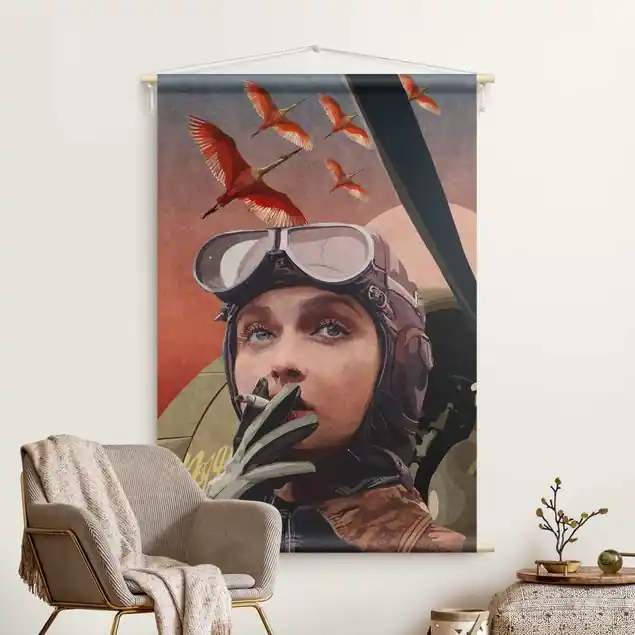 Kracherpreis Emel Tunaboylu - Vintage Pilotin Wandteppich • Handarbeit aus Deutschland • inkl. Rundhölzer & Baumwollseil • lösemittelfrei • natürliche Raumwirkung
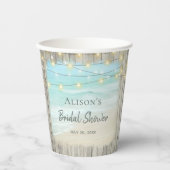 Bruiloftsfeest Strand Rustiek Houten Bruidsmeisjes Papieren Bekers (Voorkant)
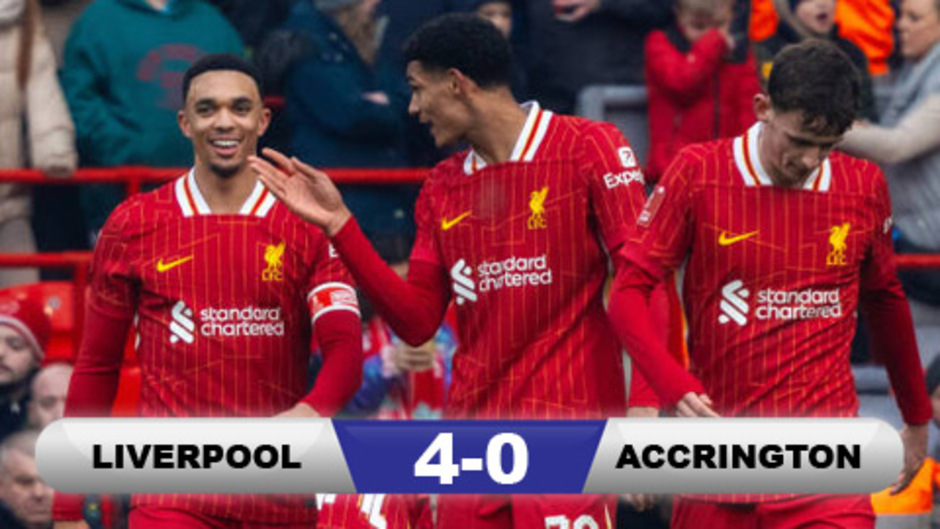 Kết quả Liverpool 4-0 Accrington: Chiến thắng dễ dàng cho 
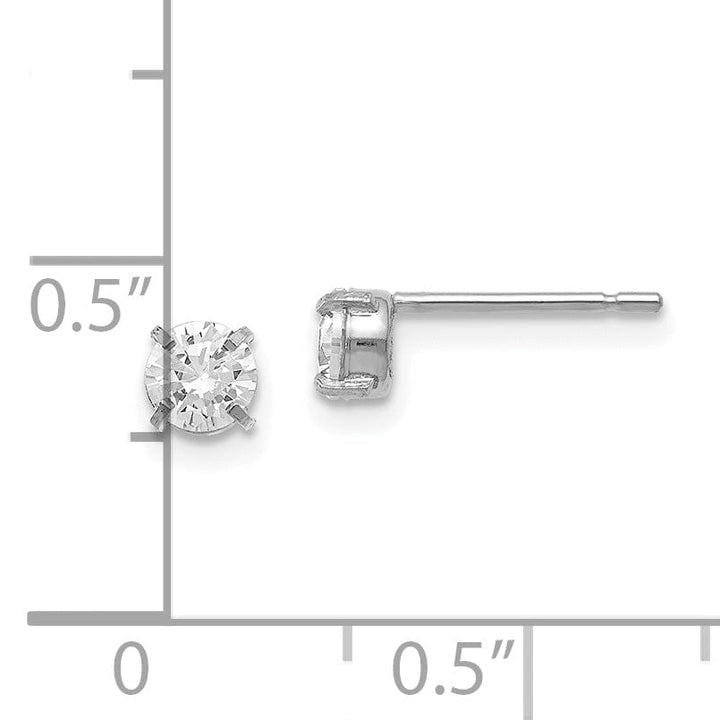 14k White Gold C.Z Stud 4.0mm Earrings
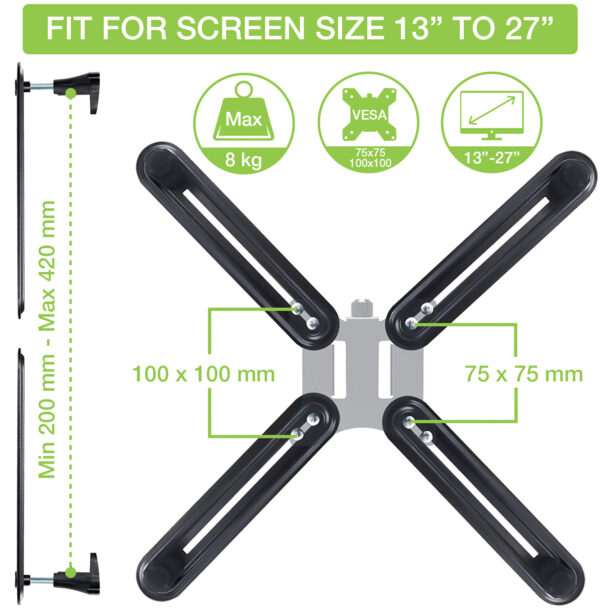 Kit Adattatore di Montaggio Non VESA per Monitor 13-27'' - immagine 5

- - - - - - -

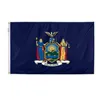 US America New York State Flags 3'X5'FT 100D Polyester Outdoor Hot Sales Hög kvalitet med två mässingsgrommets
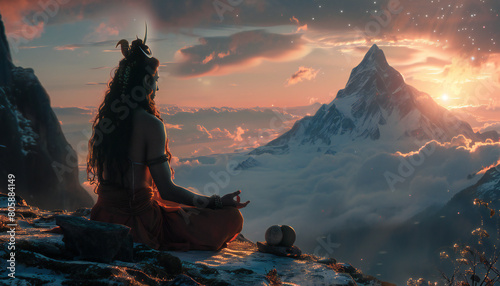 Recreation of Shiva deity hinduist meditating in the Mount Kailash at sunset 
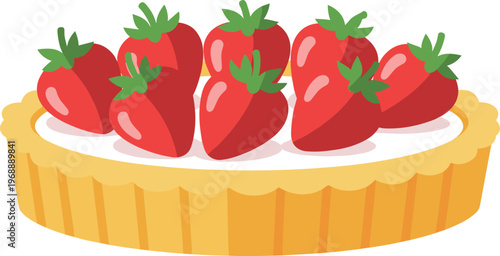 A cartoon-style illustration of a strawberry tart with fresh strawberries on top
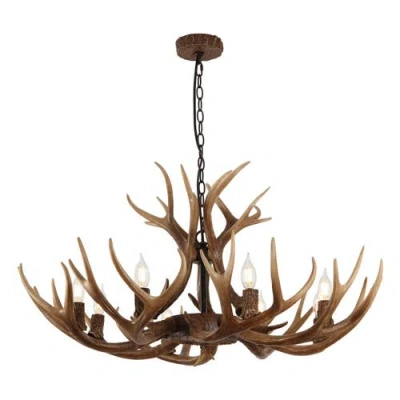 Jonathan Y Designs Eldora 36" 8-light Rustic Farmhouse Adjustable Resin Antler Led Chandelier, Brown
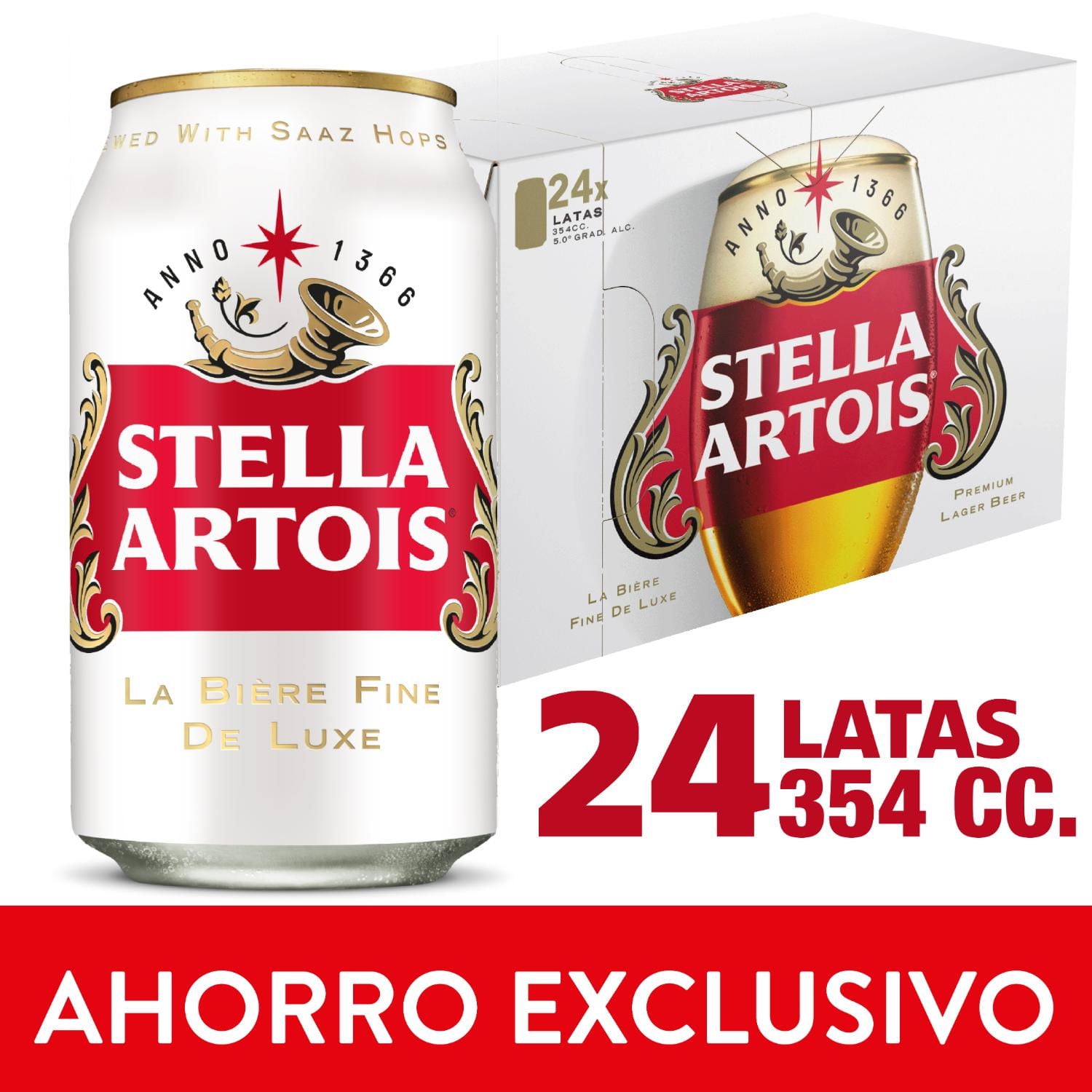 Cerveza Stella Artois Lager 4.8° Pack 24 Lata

- - - - - - -

*About this exercise*
An exact copy is needed. It runs from the line above containing "Kracherpreis Emel Tunaboylu" down to the line containing "Kit Adattatore di", both included, with no pictures.

*Task result*
 Kracherpreis Emel Tunaboylu - Vintage Pilotin Wandteppich • Handarbeit aus Deutschland • inkl. Rundhölzer & Baumwollseil • lösemittelfrei • natürliche Raumwirkung
 Bruiloftsfeest Strand Rustiek Houten Bruidsmeisjes Papieren Bekers (Voorkant)
 Kết quả Liverpool 4-0 Accrington: Chiến thắng dễ dàng cho 
 14k White Gold C.Z Stud 4.0mm Earrings
 Kit Adattatore di Montaggio Non VESA per Monitor 13-27'' - immagine 5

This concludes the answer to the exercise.